GeneNet
GeneNet
is a linear shrinkage estimator for a covariance matrix followed by a Gaussian graphical
model (GGM) selection based on the partial correlation obtained from the shrinkage estimator. With a multiple
testing procedure using the local false discovery rate, the GGM selection controls the false discovery rate
under a pre-determined level $\alpha$.
One of the most commonly used linear shrinkage estimators \(S^{*}\) for the covariance matrix \(\Sigma\) is
$$S^{*} = \lambda^{*}T + (1 - \lambda^{*})S$$
where
\( S = (s_{ij})_{1 \leq i,j \leq p}\)
is the sample covariance matrix,
\( T = diag(s_{11}, s_{22}, ..., s_{pp}) \)
is the shrinkage target matrix, and
$\lambda^{*}=\sum_{i\neq j}\hat{Var}(s_{ij})/(\sum_{i\neq j}s_{ij}^{2})$
is the optimal shrinkage intensity. With this estimator \(S^{*}\), the matrix of the partial correlations
$P = (\hat{\rho}^{ij})_{1\leq i, j\leq p}$
is defined as
$\hat{\rho}^{ij} = -\hat{\omega}_{ij}/ \sqrt{\hat{\omega}_{ii}\hat{\omega}_{jj}}$,
where
$\hat{\Omega} = (\hat{\omega}_{ij})_{1\leq i, j\leq p} = (S^{*})^{-1}$.

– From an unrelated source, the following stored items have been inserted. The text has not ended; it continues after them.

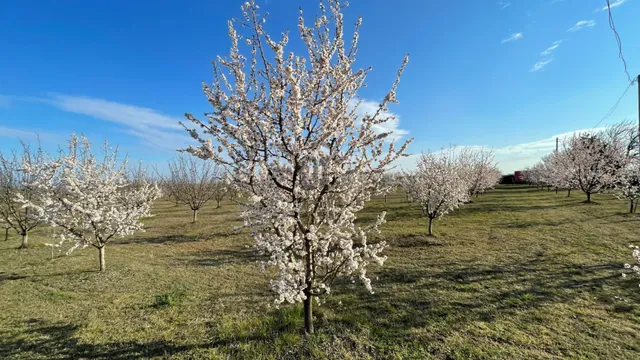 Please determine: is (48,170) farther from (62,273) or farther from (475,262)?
(475,262)

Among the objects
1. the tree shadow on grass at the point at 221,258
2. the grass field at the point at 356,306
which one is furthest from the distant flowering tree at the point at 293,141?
the tree shadow on grass at the point at 221,258

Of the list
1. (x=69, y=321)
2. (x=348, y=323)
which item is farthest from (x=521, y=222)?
(x=69, y=321)

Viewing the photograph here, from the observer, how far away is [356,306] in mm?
6480

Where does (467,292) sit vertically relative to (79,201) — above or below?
below

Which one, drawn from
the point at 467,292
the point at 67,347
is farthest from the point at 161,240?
the point at 467,292

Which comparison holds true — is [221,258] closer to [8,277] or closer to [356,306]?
[8,277]

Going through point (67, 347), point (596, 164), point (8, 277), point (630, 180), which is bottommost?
point (67, 347)

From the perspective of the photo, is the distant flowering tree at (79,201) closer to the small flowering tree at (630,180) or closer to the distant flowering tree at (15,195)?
the distant flowering tree at (15,195)

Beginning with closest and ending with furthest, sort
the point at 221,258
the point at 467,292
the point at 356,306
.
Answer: the point at 356,306 < the point at 467,292 < the point at 221,258


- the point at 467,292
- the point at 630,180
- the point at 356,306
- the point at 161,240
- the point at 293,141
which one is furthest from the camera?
the point at 630,180

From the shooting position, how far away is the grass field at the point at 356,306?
4.79 m

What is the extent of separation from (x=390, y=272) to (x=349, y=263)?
4853 millimetres

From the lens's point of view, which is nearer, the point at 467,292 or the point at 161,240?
the point at 467,292

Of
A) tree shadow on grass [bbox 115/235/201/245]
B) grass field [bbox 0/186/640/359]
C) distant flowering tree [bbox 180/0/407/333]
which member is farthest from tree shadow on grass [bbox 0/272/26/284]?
distant flowering tree [bbox 180/0/407/333] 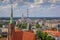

To identify the significant edges, the distribution of the partial correlations is supposed to be as the mixture
$$f(\rho) = \eta_{0}f_{0}(\rho, \nu) + (1-\eta_{0})f_{1}(\rho)$$
where $f_0$ is the null distribution, $f_1$ is the alternative distribution corresponding to the true edges,
and $η_0$ is the unknown mixing parameter. GeneNet
identifies significant edges that have the
local false positive rate
$$fdr(\rho) = \frac{\eta_{0}f_{0}(\rho, \hat{\nu})}{\hat{f}(\rho)}$$
smaller than the pre-determined level $\alpha$, where
$f_0(\rho, \upsilon) = |\rho|Be(\rho^2; 0.5, (\upsilon - 1)/2)$, $Be(x;a,b)$
is the density of the Beta distribution and $\upsilon$ is the reciprocal variance of the null $\rho$.
Reference:
1. Donghyeon Yu, Johan Lim, Xinlei Wang, Faming Liang, and Guanghua Xiao. "Enhanced construction of gene regulatory networks using hub gene information." BMC bioinformatics 18.1 (2017): 186.
2. Schäfer, Juliane, and Korbinian Strimmer. "A shrinkage approach to large-scale covariance matrix estimation and implications for functional genomics." Statistical applications in genetics and molecular biology 4.1 (2005): 32.
Note:
Change the $\alpha$ level (false positive rate) to control the sparsity of network $(0 < \alpha < 1)$.
A larger $\alpha$ will give you more estimated edges, but with lower confidence.